In the short-term and the long-term, it’s not clear what Shinseki's ouster or resignation would accomplish in the way of systematic reform — something Shinseki himself agrees is necessary, if difficult to effectuate.
"I signed on to do this to help him make things better for veterans in the near term, as quickly as possible, but also to put in place for the long term those changes to this department that will continue to help veterans well into this century,” Shinseki told NPR this month.
While many veterans and veterans groups report receiving high quality care, problems have been plaguing the VA for more than a decade, with similar allegations of manipulated data appearing and some $200 million paid out by the agency for wrongful deaths since 9/11. Recently, there were also what were determined to be preventable adverse events stemming from miscommunication at the Memphis VA Medical Center and a Legionnaires' disease outbreak in the water systems at the Pittsburgh VA that was kept quiet by officials.
“This is not a new problem,” said Paul Rieckhoff, founder and CEO of Iraq and Afghanistan Veterans of America in a media release. “Veterans have been dying in line for care for decades, but we still get business as usual.”

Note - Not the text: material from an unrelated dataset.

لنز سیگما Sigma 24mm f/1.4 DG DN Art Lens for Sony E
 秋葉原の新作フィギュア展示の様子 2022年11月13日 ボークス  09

As veterans from the wars in Iraq and Afghanistan have returned with complex physical wounds, post-traumatic stress disorder and substance abuse problems and as Vietnam veterans become seniors, the VA’s budget has been increasing, from $50 billion in 2009 to $66 billion this year. But there is still a debate about whether smart investments are being made to improve service at the point of care and grow the ranks of VA clinicians to support demand.
First steps forward
With veterans' health and welfare needs showing no signs of abating, the case for a systematic reform and reevaluation of priorities at the VA has never been greater.
As Bernie Sanders, the Vermont Independent who chairs the Senate Veterans’ Affairs Committee and opposed both of the wars, put it: “in a system as large and bureaucratic as the VA, it is imperative that we uncover the problems that exist in the system and address them boldly.”
“It’s not just about leadership,” said Rieckhoff, an Army vet stationed in Iraq in 2003 and 2004. “There is a glaring lack of leadership, accountability and oversight."
Taking a first step, Iraq and Afghanistan Veterans of America are pushing a new bill, the VA Management Accountability Act.
The bill would give the VA “complete authority” to fire or demote VA senior executive service or equivalent employees based on performance and replace a convoluted termination process that currently leaves top officials presiding over mismanagement “more likely to receive a bonus or glowing performance review than any sort of punishment,” as sponsor Jeff Miller (R-Fla.), chairman of the House Committee on Veterans’ Affairs, described it.
IAVA is also partnering with the Project on Government Oversight, offering whistleblowers a new outlet to report wrongdoing at vaoversight.org.
The crisis could spur a bipartisan action that helps the VA reform. In the meantime, veterans groups and the public await the Office of the Inspector General’s investigation — and one from the Obama Administration. Obama has ordered White House deputy chief of staff Rob Nabors to oversee a review of the VA appointment rules.
Long-term, beyond making sure appointments can be made in reasonable time, the challenge for the VA will be regaining the trust of veterans, their families and taxpayers.